Exchange rate is being considered as a good point in the regulation of monetary policy of the State Bank of Vietnam (SBV). Though the State Bank has gradually tightened foreign currency credit, in fact, foreign currency credit is rising again.

Exchange rate regulation is one of the biggest advantages of the current monetary policy. However, foreign currency credit is showing signs of rising, contrarrying the direction on gradual tightening of foreign currency credit against the dollarisation of the State Bank.

Specifically, in 2017, foreign currency credit increased six times from the previous year. Meanwhile, in Q1/2018, according to the data of the National Financial Supervisory Commission (NFSC), credit in dong only swelled 3.3 percent, while credit in foreign currencies rose as much as 5.4 percent. Regarding proportion, foreign currency credit accounted for 8.1 percent of the total credit, compared to 7.9 percent in 2018.

Reportedly, at the beginning of this year, the State Bank had a document on continued expansion for businesses to borrow foreign currencies till the end of 2018.

Economic expert Le Xuan Nghia said with the characteristics of Vietnam economy, the dollarisation ratio at less than 10 percent is acceptable.

Regarding the aforementioned issue, Dr Nguyen Kim Anh, deputy Governor of the State Bank said the lending in foreign currency, along with the stabilisation of exchange rate, supported export businesses to stabilise production and business, reduce prices, thereby enhancing competitiveness.

However, the State Bank leader also said in the near future, the State Bank will continue gradually narrowing foreign currency, shifting from foreign currency mobilisation-lending to foreign currency buying-selling in line with the market situation.

“Credit organisations and businesses need to be active in balancing business plans to adapt to the gradual narrowing of some foreign currency borrowing demand to meet with the government’s policy on limitation of dollarisation”, recommended the deputy Governor.

Despite some fluctuations, exchange rate in the first half of this year was generally stable, the listed exchange rate at banks only rose more than 0.2 percent, despite large fluctuations in the global financial market.

According to experts, in this year, exchange rate will continue being supported by abundant supply (divestment of state businesses, positively increased FDI, continued trade surplus etc.). Besides, the State Bank’s central exchange rate regulation policy continued to show effectiveness.

Pham Thanh Ha, Head of the Monetary Policy Department of the State Bank said over the last few years, the central exchange rate was flexibly regulated, combining synchronously monetary policy tools, limiting the speculation and hoarding of foreign currencies.
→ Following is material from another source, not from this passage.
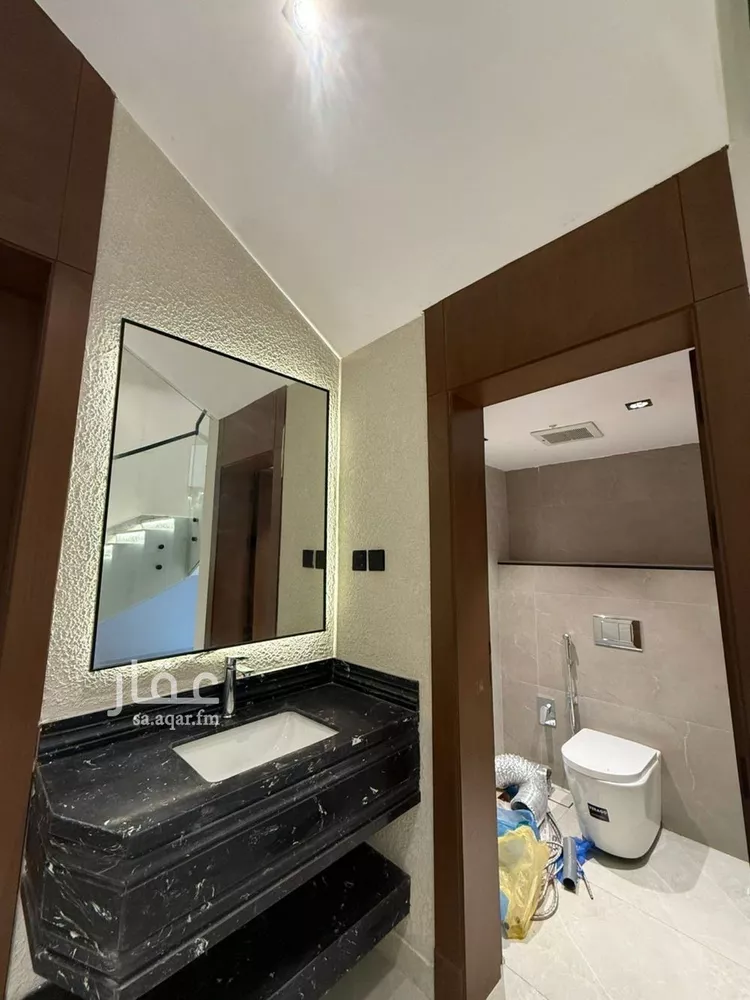 فيلا للبيع في شارع عبداللطيف بن المبارك, حي المهدية, مدينة الرياض, منطقة الرياض صورة 2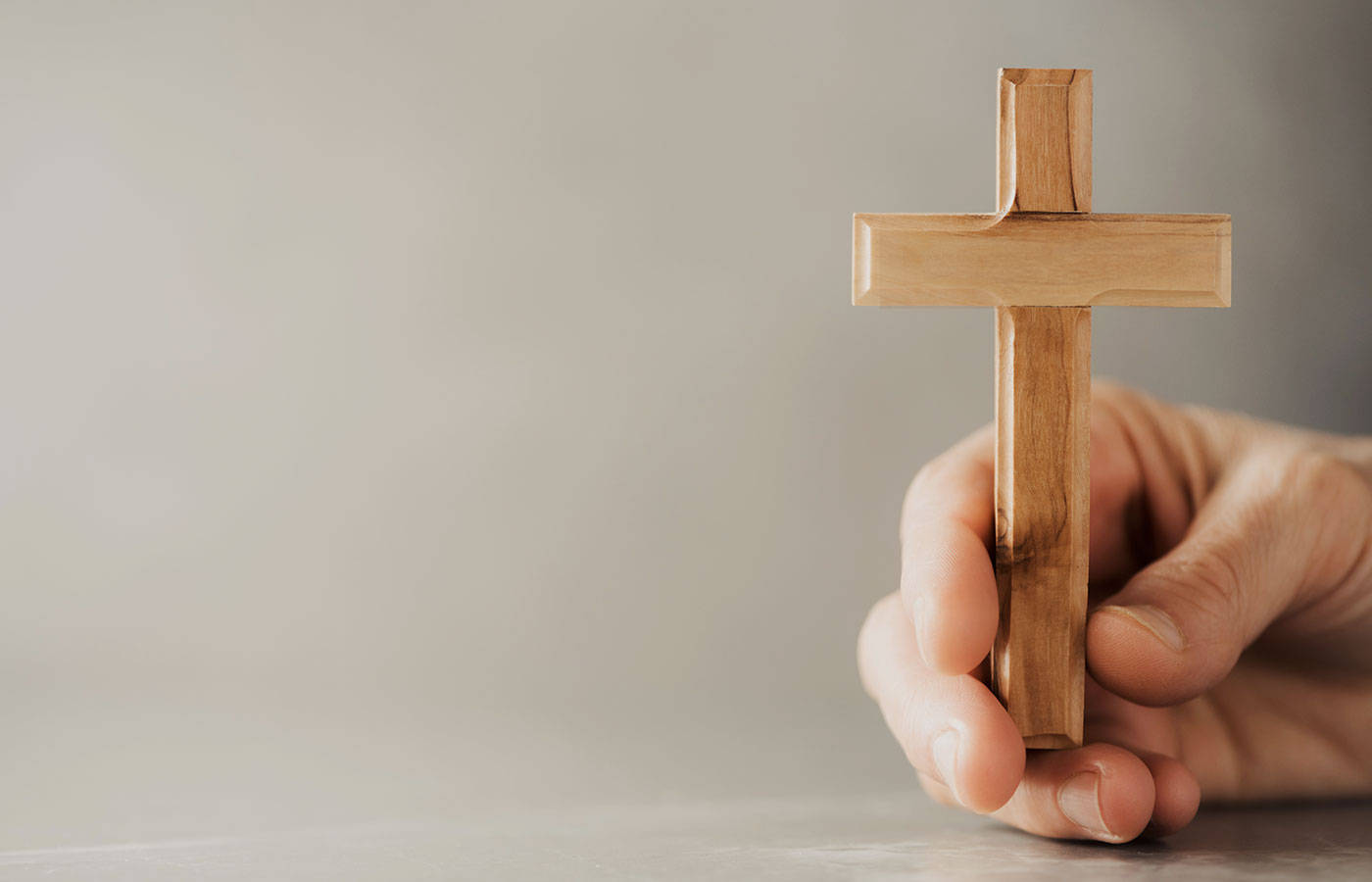 cross symbol, wooden cross, neutral background, HD Desktop Wallpaper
Thanks to which, the State Bank continuously purchased a great deal of foreign currency to raise the foreign currency reserves to the highest level ever.
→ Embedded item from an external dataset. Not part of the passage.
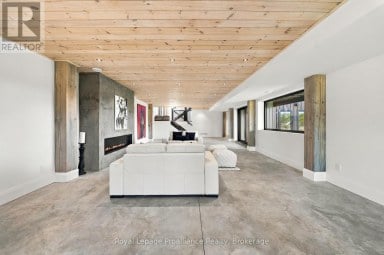 1150 COUNTY ROAD 20 Prince Edward County (Hillier Ward) Ontario photo 38
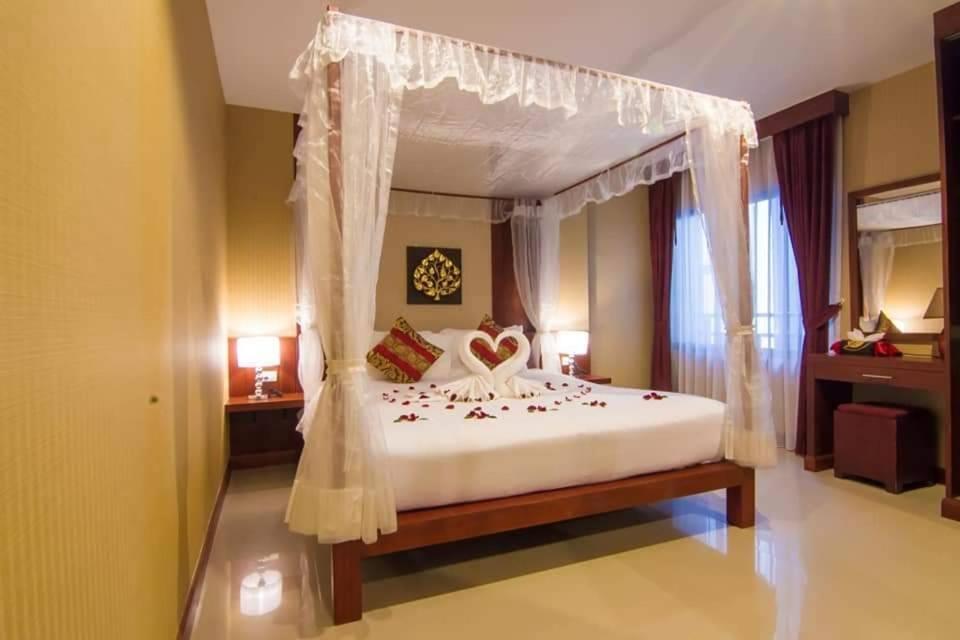 Hemingways Hotel Patong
The stable exchange rate policy in several recent years strengthened the confidence of investors, while helping the National foreign currency reserve to quickly increase (reaching more than $63 billion, the highest level ever).

With this huge reserve, the ability to keep the exchange rate market’s stability is within the reach of the State Bank. However, deputy Governor of the State Bank Nguyen Kim Anh said the foreign currency and exchange rate markets still have certain hidden risks.

First, Vietnam’s trade and finance balance surplus depends largely on FDI sector as well as opinions of foreign investors in Vietnam’s economic background and their reactions against domestic and foreign markets.

Second, Fed and central banks of large economies may narrow monetary policy faster than market expectations, which may put psychological pressure on the market.

Third, trade protectionism and trade conflict risks in case of escalation between China and the U.S may negatively affect international trade as well as global growth, thereby adversely influencing on foreign currency market and exchange rate.

Another difficulty is that the injection of too much money to buy foreign currency reserves needs measures to neutralise capital flows, avoiding inflation. In several recent months, the State Bank purchased foreign currencies following three-month term, reducing the pressure of injecting too much dong to the market at a time. Therefore, the capital absorption of the market is still poor, and the State Bank needs to closely monitor and has measures to withdraw money to avoid causing inflation.